When are Children Ready for Machine Sewing?

Teaching Mira to Sew

Many of us can remember our childhood sewing experiences.  For me, my first recollection was sewing cotton strips that my mother would later have woven into rag rugs.  From her cotton sewing scraps, my mother tore strips of cotton about 1″ wide and the length of the left over fabric.  Bags of these strips would need to be sewn together in a straight forward and back pattern and the long strips were then rolled into a ball.  What fun for a kid who wanted to start to sew.  I’m not sure but I was probably about 9 or 10 years old.  I tried to find a few references to cotton rag rugs but even on the web they were pretty hard to find.
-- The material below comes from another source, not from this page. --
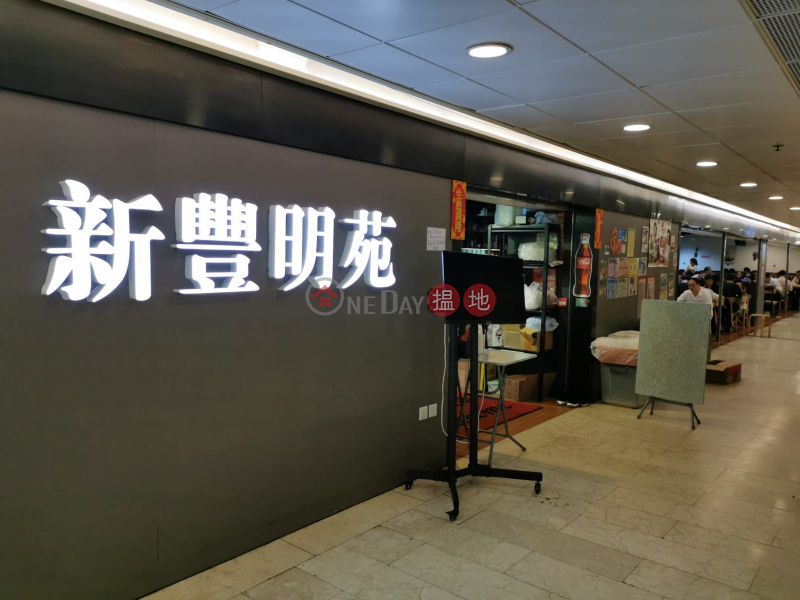 Property Search Hong Kong | OneDay | Retail Rental Listings, shop for rent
Because Mira, who is now 8, has such an intense interest in all things fabric and sewing, I was eager to give her the opportunity to try sewing with a machine.  In May when we visited I had the perfect opportunity because I had already set up her mother’s sewing machine, which is my old Bernina 830.

When Mira and I were the only ones awake early in the morning, still in our pj’s, I asked her if she would like to learn to sew on a machine.  She was delighted with the opportunity.

1. Our choice was to make a quilt, so Mira pulled out her stash of fabrics, which consists of a fairly large bag with an assortment of small scraps.

2. She cut a few 4″ squares from a variety of pretty fabrics.

3. We started with a safety lesson such as “never put your fingers under the needle, but instead, lay your hands flat on top of the fabric with one on the right and one on the left of the needle”. From this photo, you can see that she took the lesson seriously.

5.  One by one she sewed the pieces and cut the threads.

6. And soon she had 8 pieces sewn together.

7. What a proud seamster.

8.  Mira wanted to continue but I ran short on time.  Next time I visit we will add more pieces to the quilt.

Based on an N of one, I say that a 7 or 8 year old is definitely ready for machine sewing.

What a great gift for a young child – a sense of accomplishment.  After all, what is more important than mastering a new skill?